A l’arrivée  nous avions passé les contrôles de police très rapidement (ce qui m’a surpris, dans mes souvenirs, c’était très long) malheureusement une de mes collègues avait perdu son téléphone dans l’avion essayant différentes démarches pour le récupérer, elle n’a pas réussi, mais nous sommes sorti les derniers de l’aéroport ! A les filles ! Ensuite nous fûmes pris en charge par mon étudiant maintenant professeur et organisateur du colloque qui m’a d’abord emmené revoir l’ancienne caserne de la légion où était à l’époque installée l’université d’Oran et où nous nous sommes côtoyé.

Mais la partie scientifique ayant migré dans des locaux plus récents et plus adapté, il est aussi passé nous montrer la nouvelle Faculté des Sciences dans laquelle nous devions officier le lendemain. Lors de ces déplacements, la circulation automobile était très dense et il m’a rapidement expliqué en les brûlant consencieusement que les feux rouges étaient optionnels et surtout décoratifs. Mes collègues à l’arrière claquaient un peu des dents, mais à l’avant je restais serein ayant déjà connu cela à Sfax où ils conduisent encore plus mal en prenant en plus les sens interdits.

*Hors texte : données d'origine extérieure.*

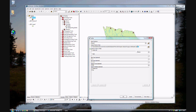We will call this NestsFBuff, so we've got a buffer around NestsF, and we're going to create a buffer of 800 meters — so it's 800 meters. Click OK.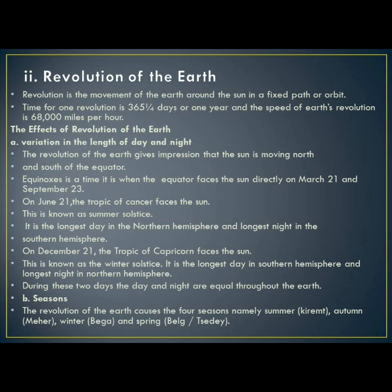The second effect of revolution is seasonal changes. The revolution of the earth causes the four seasons: summer, autumn, winter, and spring — also known locally as Keremd, Maher, Beggar, and Belg or Tsedey. Those are the effects of earth's revolution.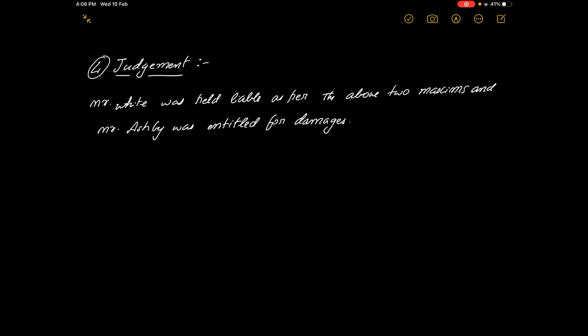Right to vote is also your legal right. Now because Mr. Ashby was not allowed to vote, his legal right was taken away. He didn't suffer any loss, but still his legal right was taken away, because of which Mr. White was liable to pay certain monetary damages to Mr. Ashby.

Il nous a ensuite emmené à notre hôtel le Timgad ou « Grand Café Riche »,

Timgad

 

c’était l’unique palace dans le temps, mais c’était dans le temps; j’y avais logé lors d’une mission à Oran en 1988, mais 30 ans plus tard, il est resté dans son jus et c’est beaucoup moins confortable. En plus le wifi a été en panne pendant toute la durée de notre séjour et sans wifi un universitaire se sent coupé du monde. Heureusement la cuisine était bonne, mais sans pinard seulement de l’eau gazeuse, cela fait des bulles, mais c’est moins gai; pourtant j’y avais bu du vin dans le temps. Mon collègue m’a expliqué que l’hôtel avait été racheté par un algérien pratiquant. L’avantage de cet hôtel était sa position centrale dans la ville, à proximité de la place du 1er novembre où se trouve le théâtre et l’Hôtel de Ville, vestige d’une époque révolue.